START Supplied information

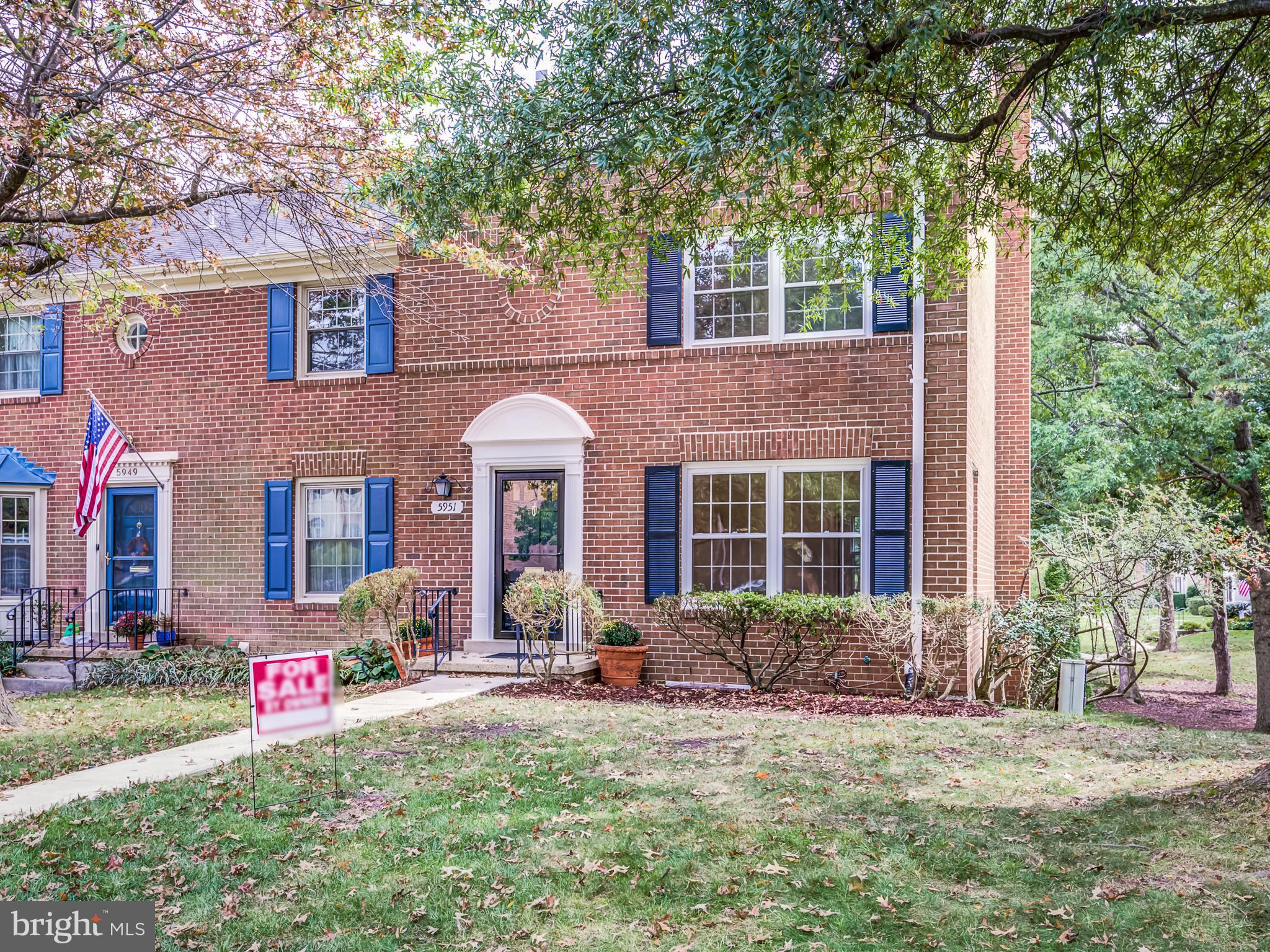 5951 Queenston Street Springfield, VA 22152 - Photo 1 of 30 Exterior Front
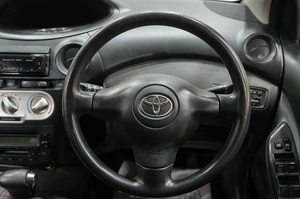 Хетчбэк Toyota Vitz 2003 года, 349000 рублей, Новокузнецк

END Supplied information
START Supplied information

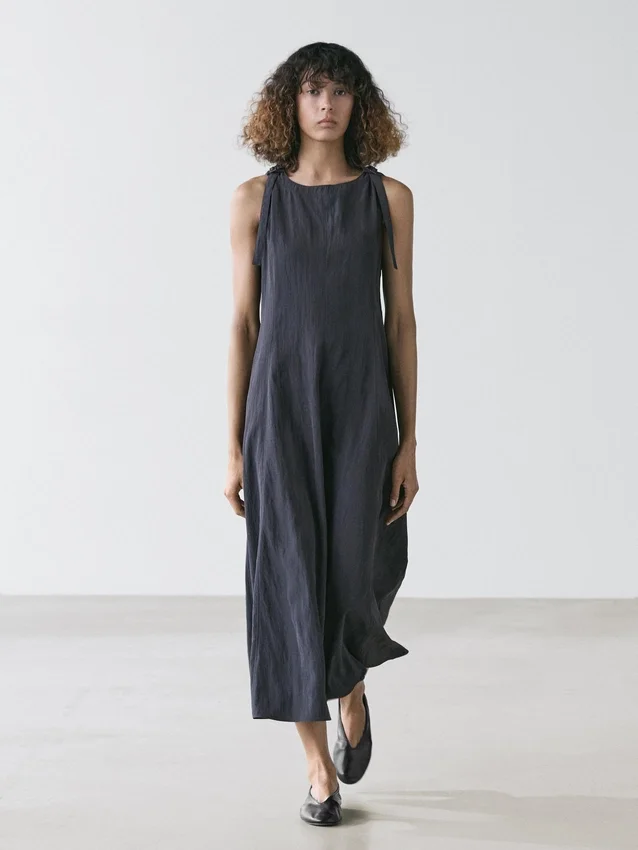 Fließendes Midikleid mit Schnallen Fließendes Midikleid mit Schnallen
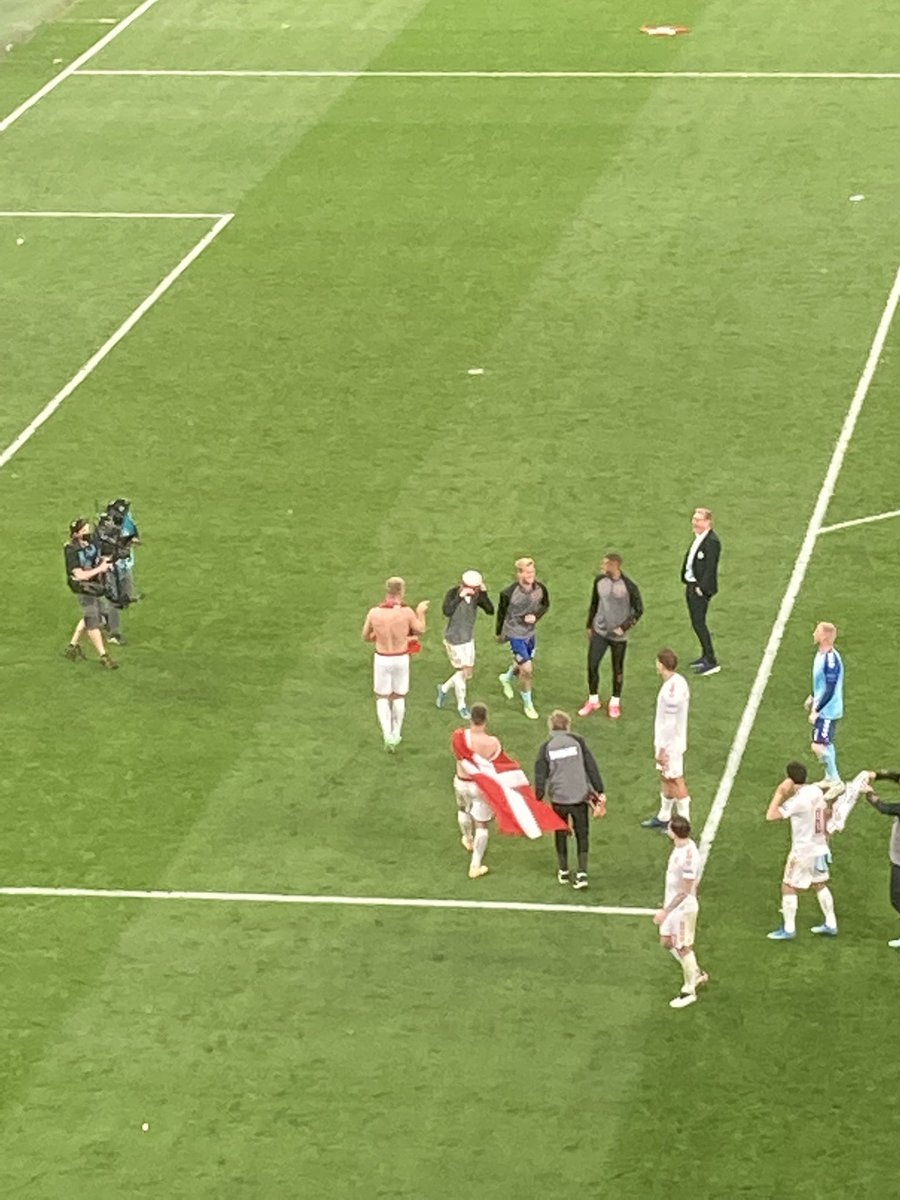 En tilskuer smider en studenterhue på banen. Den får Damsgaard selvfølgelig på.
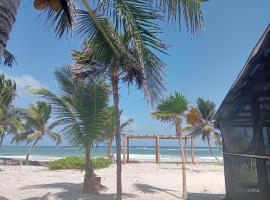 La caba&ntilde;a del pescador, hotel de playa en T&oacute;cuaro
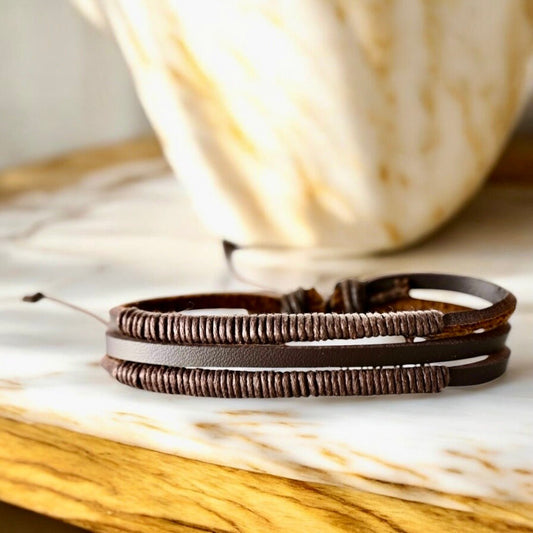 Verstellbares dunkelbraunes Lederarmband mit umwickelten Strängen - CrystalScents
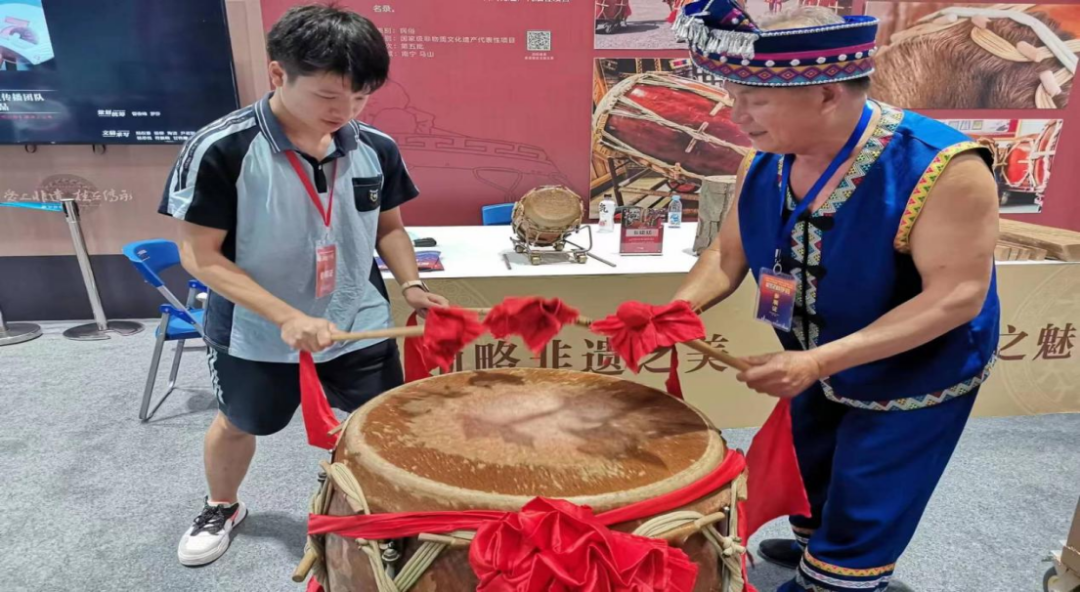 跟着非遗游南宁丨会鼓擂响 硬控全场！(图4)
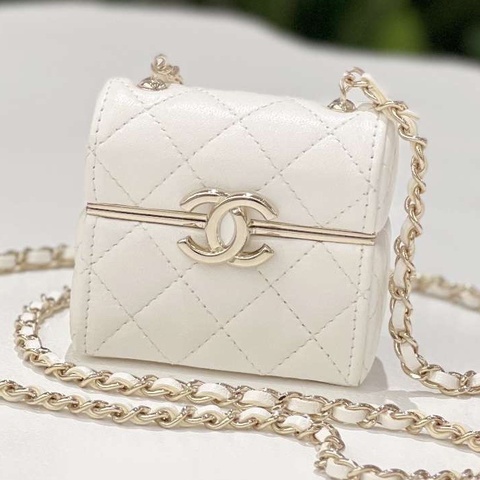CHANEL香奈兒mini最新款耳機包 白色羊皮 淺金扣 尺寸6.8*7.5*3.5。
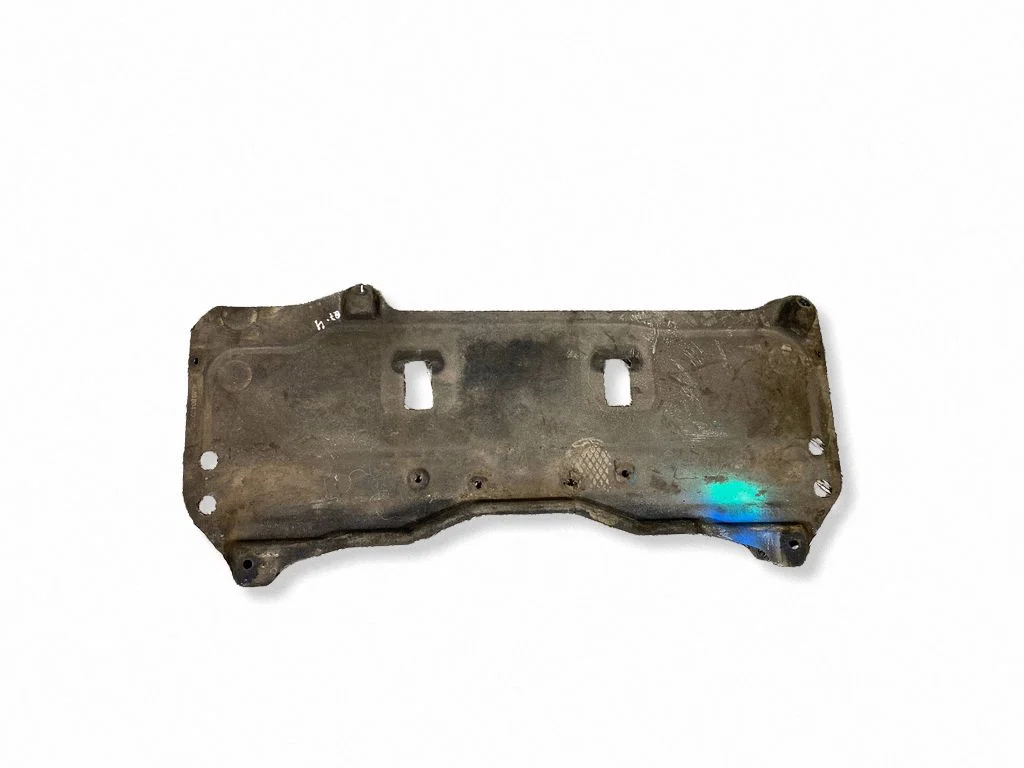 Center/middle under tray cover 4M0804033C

END Supplied information

→ Problem requirements
Look back at the data above, then output exactly the lines from the line holding "Fließendes Midikleid mit Schnallen Fließendes" up to and including the line holding "Center/middle under tray cover 4M0804033C". Leave out the pictures.

→ Problem solution
 Fließendes Midikleid mit Schnallen Fließendes Midikleid mit Schnallen
 En tilskuer smider en studenterhue på banen. Den får Damsgaard selvfølgelig på.
 La caba&ntilde;a del pescador, hotel de playa en T&oacute;cuaro
 Verstellbares dunkelbraunes Lederarmband mit umwickelten Strängen - CrystalScents
 跟着非遗游南宁丨会鼓擂响 硬控全场！(图4)
CHANEL香奈兒mini最新款耳機包 白色羊皮 淺金扣 尺寸6.8*7.5*3.5。
 Center/middle under tray cover 4M0804033C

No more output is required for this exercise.